In discussing the future, Stinshoff expresses eagerness to see a proposal by Working Group 3 to partner with Working Group 1 on the development of a document to bring risk management to the laboratory.
“Risk management really should be as important for laboratories as it is for manufacturers. A closer cooperation in standard-setting between manufacturers and laboratories. I think this is something that will become one of the major emphases of TC 212 in the future: that laboratories and manufacturers to work together in setting standards. Difficult, but it has to lead to success.”
Powers is at the helm of the proposal, which he says, at this point, is in WG1’s court.
“We need a system where the manufacturer does its part, and then the laboratory takes responsibility for its part. That partnership doesn’t exist today.”

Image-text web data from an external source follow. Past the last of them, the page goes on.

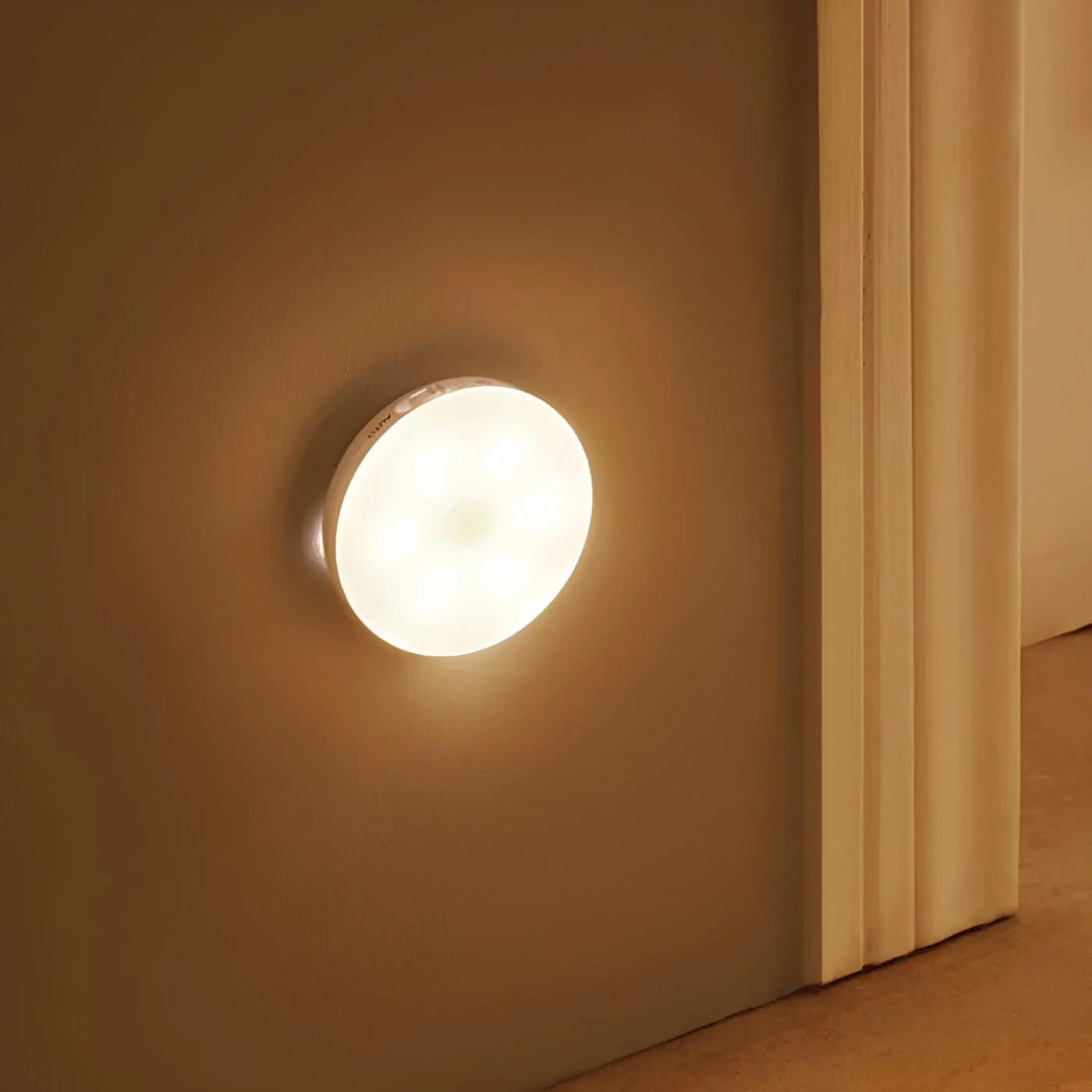 Round wall light fixture on a beige wall with a white base.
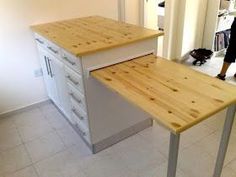 a kitchen island made out of plywood and metal legs with a person walking in the background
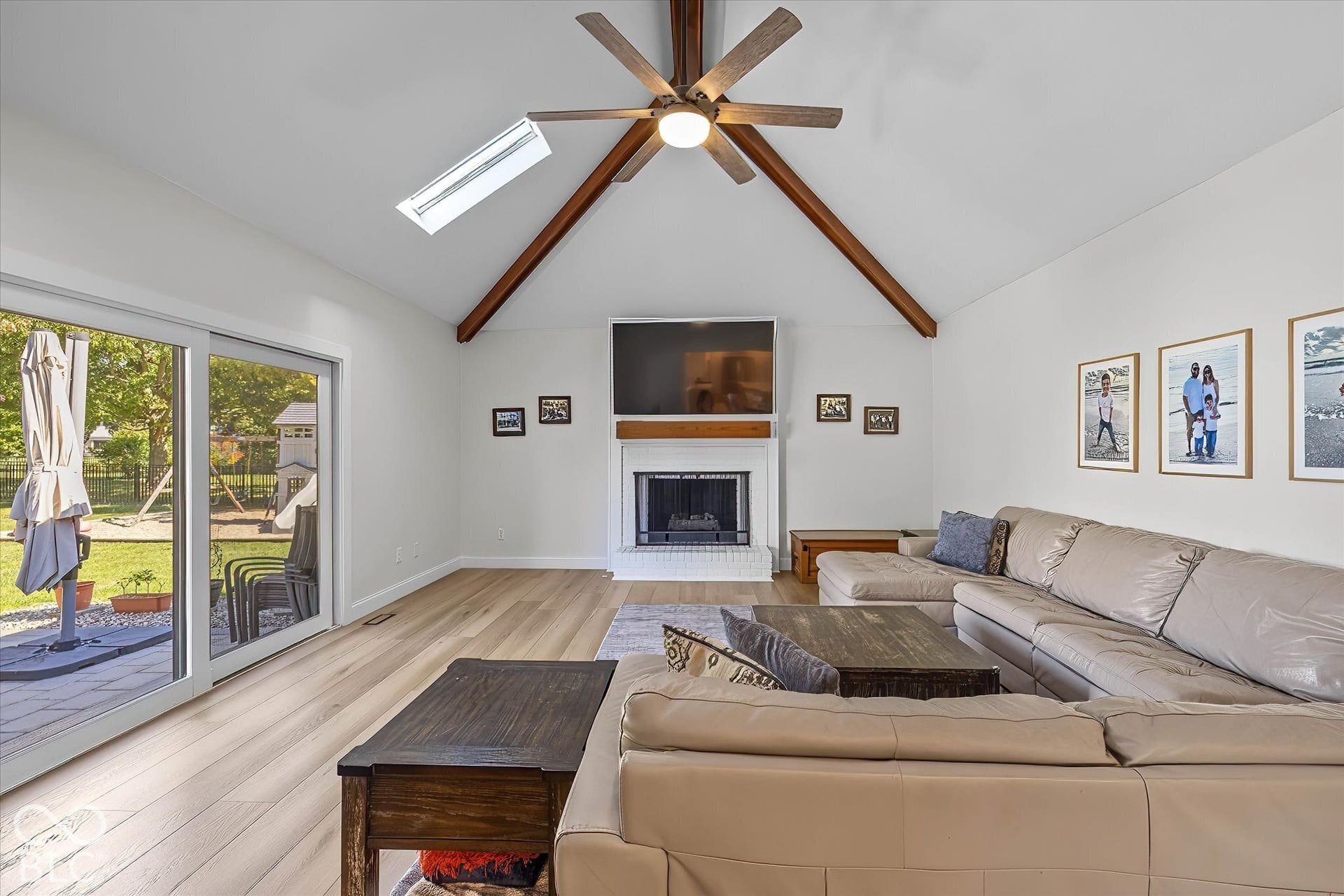 Stunning Family room w/ high ceilings + beams, Fireplace updated! Access and view to backyard space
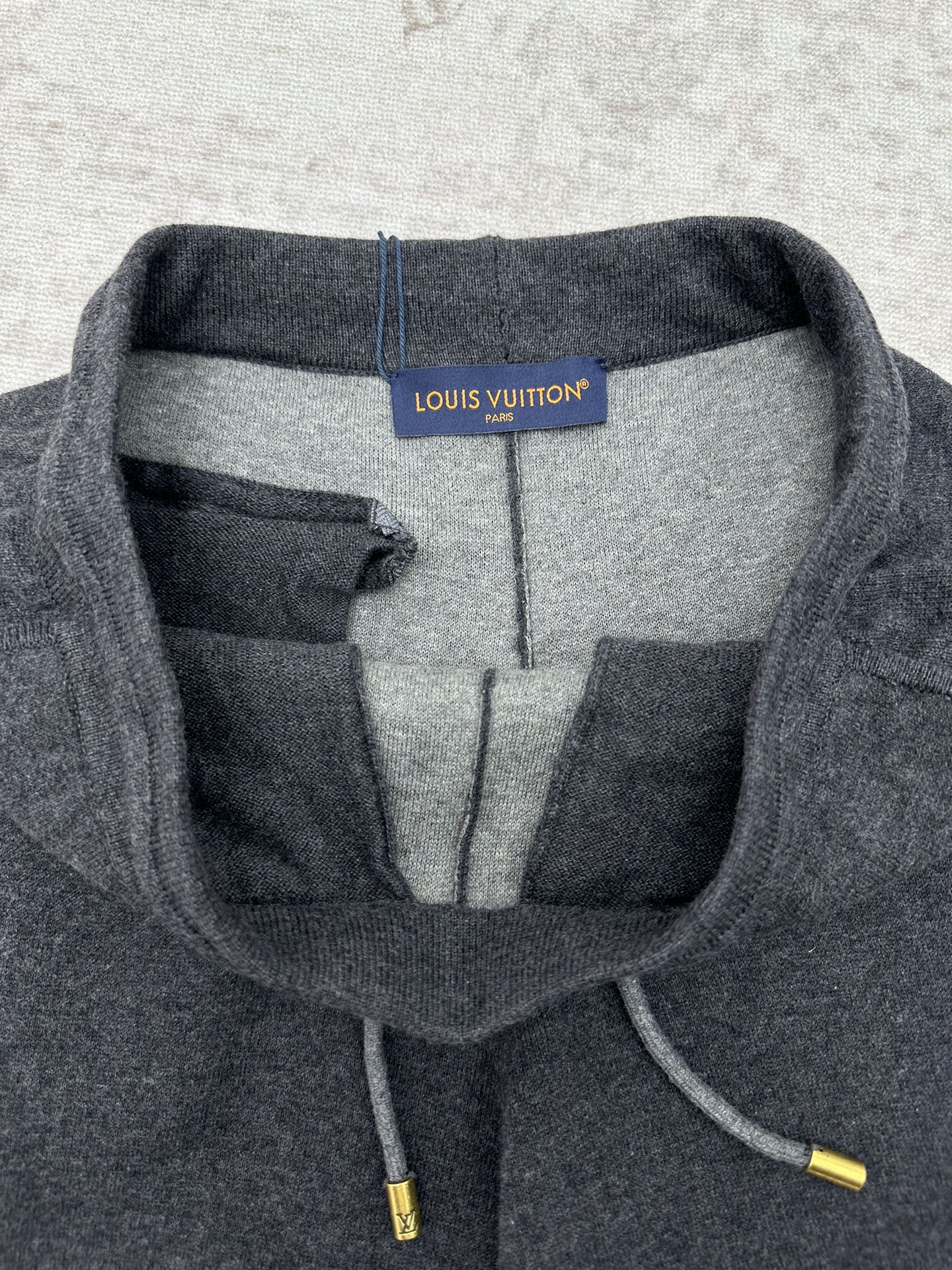 Louis Vuitton pants heather gray with drawstring, inner lining, and side pocket view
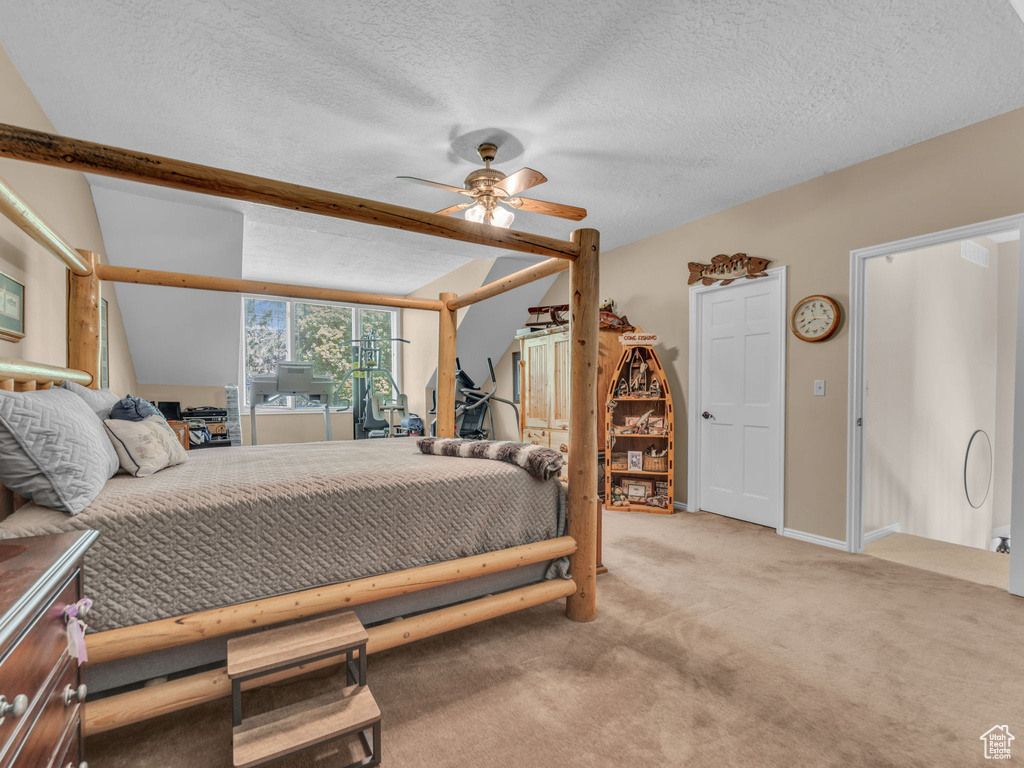 Carpeted bedroom with a textured ceiling and ceiling fan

Powers also says he’d like to begin more dialogue with the Global Harmonization Task force, in a liaison capacity, to avoid effort duplication and share knowledge.
With the results still coming in for WG1’s stakeholder’s survey, Robertson is hoping that the breadth of response to the survey will set a wider context for participation in the future, especially on the part of developing countries.
“Our challenge is to make use of what appears to be a very high level of interest. We’ve really made contact with the stakeholders of the standard. It certainly appears to be having an effect on harmonization—at least it’s begun the process of thinking about it, which is much more than we had before.”